Entrevista:O Estado inteligente

quinta-feira, janeiro 10, 2008

O fascínio com o voto democrata

O Estado de S. Paulo EDITORIAL,


Nunca antes na história das eleições presidenciais nos Estados Unidos o mundo acompanhou com tanto interesse, desde a hora zero, o intrincado processo, que ocupa a primeira metade do ano sucessório, pelo qual os eleitores que assim quiserem designam a maioria dos participantes das convenções que escolherão os candidatos à Casa Branca. Além do impacto natural desse invento americano que é a teatralização da política no palco da mídia, um punhado de fatores se combina para explicar o inusitado interesse, que se distingue ainda por se concentrar praticamente em um partido - o Democrata, na oposição há oito anos, e que tem tudo para voltar a ser governo no pleito de novembro. Por isso, a trepidante travessia até a indicação do seu candidato, na convenção de agosto, aguça as atenções que normalmente só são despertadas fora dos Estados Unidos quando escolhidos os dois candidatos. Por enquanto, não há favoritos entre os presidenciáveis do partido de Bush, tamanha a fragmentação da legenda provocada pela crise do bushismo. Aliás, o que monopoliza a atenção do mundo neste momento é a identidade do democrata a quem, quase certamente, caberá reabilitar a liderança moral dos EUA, diligentemente dilapidada por George W. Bush.
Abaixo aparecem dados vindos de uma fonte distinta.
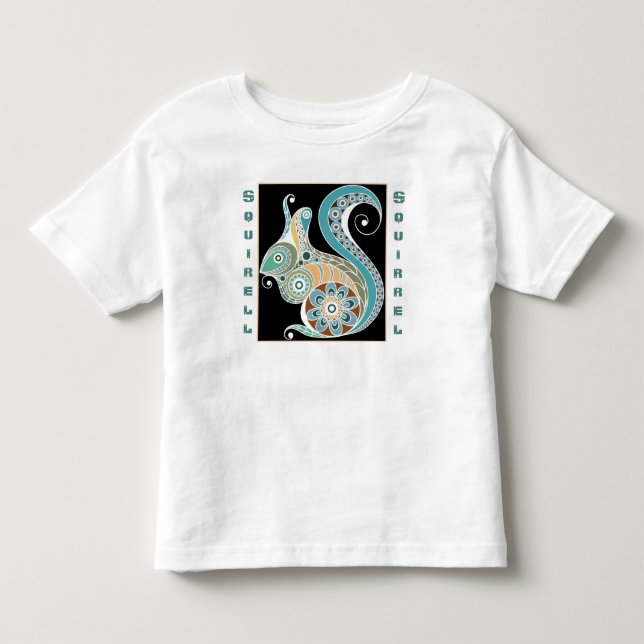 Personalisieren Sie das Gemusterte Eichhörnchen im Kleinkind T-shirt (Vorderseite)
A principal razão dessa curiosidade sem paralelo está na expectativa de que o presidente a tomar posse em janeiro de 2009 será o que não foi nenhum de seus antecessores: ou uma mulher, a senadora e ex-primeira dama Hillary Rodham Clinton, ou um negro, o também senador Barack Hussein Obama. Isso, e ainda mais o fato de serem figuras políticas e midiáticas excepcionais, contribui para que o mundo siga, lance a lance, como numa finalíssima, o que por ora são apenas preliminares, cuja relevância para a decisão derradeira parece inversamente proporcional ao alarde com que são noticiadas. Por causa do aparato que o cerca, o sistema das primárias americanas, como a de anteontem em New Hampshire, e das assembléias de eleitores (caucuses), como a da semana passada em Iowa, lembra o circo da Fórmula 1. Com uma diferença essencial em relação ao que se passa nas pistas: as regras de cada rodada nas urnas e os seus resultados objetivos variam enormemente de Estado para Estado.
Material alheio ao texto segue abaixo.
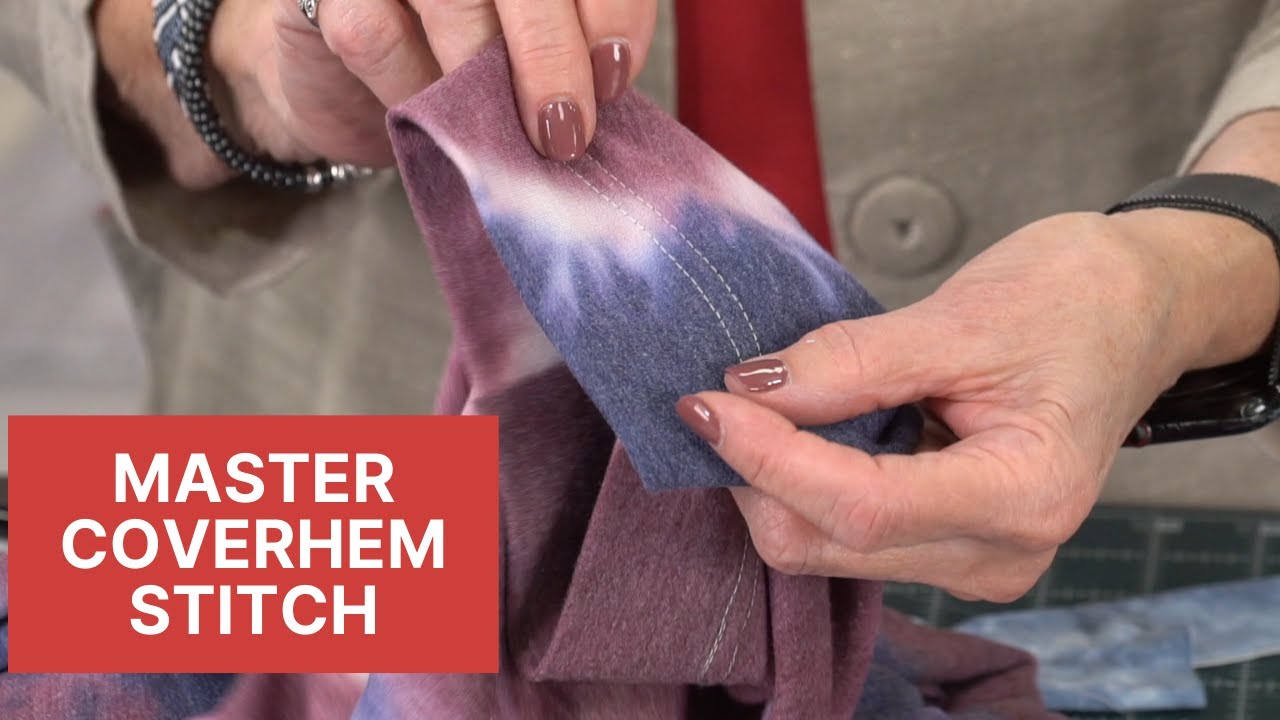 Starting & finishing your coverhem stitch with ease on the new Bernina L890 serger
Em alguns, só os eleitores de cada agremiação, assim registrados, podem votar nos seus presidenciáveis - ou, a rigor, nos delegados que os representarão na convenção nacional. Em outros, também os eleitores que se declaram independentes podem participar das primárias dos dois partidos. Não raro, é tênue a relação entre os votos apurados e o total de delegados escolhidos. Numa seção do caucus de Iowa, por exemplo, Obama teve 129 votos. O outsider Bill Richardson, do Novo México, 45. Isso se traduziu em um delegado à convenção para cada um. Como teria de ser, os Estados são desigualmente representados nas convenções - assim como no colégio eleitoral formado pelo voto popular. Em conseqüência, o desfecho dos embates iniciais pesa comparativamente pouco nas escolhas últimas, dado o pequeno número de delegados eleitos nos Estados onde transcorreram. Seria de todo diferente se as primárias inaugurais ocorressem, digamos, em Nova York e na Califórnia. Por fim, nas convenções votam delegados eleitos e os superdelegados, que votam pelas posições que ocupam nas caciquias partidárias e não porque foram eleitos nas primárias. Para ser candidato, um presidenciável democrata precisa do apoio de 2.025 convencionais. Destes, 796 são superdelegados.

Estima-se que, entre eles, a vantagem de Hillary sobre Obama seja de três para um. A mulher do ex-presidente Bill Clinton é a candidata do establishment partidário - políticos profissionais que conduzem a máquina, sindicalistas, mulheres e, também, negros. Guardadas as proporções, o Obama da campanha de 2004, por sua imagem de outsider, de oposição à guerra no Iraque e poder de mobilização da juventude, era o governador de Vermont, Howard Dean. Só que o comando democrata preferia o de Massachusetts, John Kerry, e apagou a estrela em ascensão já na primária de New Hampshire. Para Hillary, agora, o desafio é o carisma incomum do jovem Obama (46 anos). Ele discursa com a incandescência de Martin Luther King e a serenidade de John Kennedy, notou um comentarista. "Quase ninguém imaginou que extraordinário candidato ele viria a ser."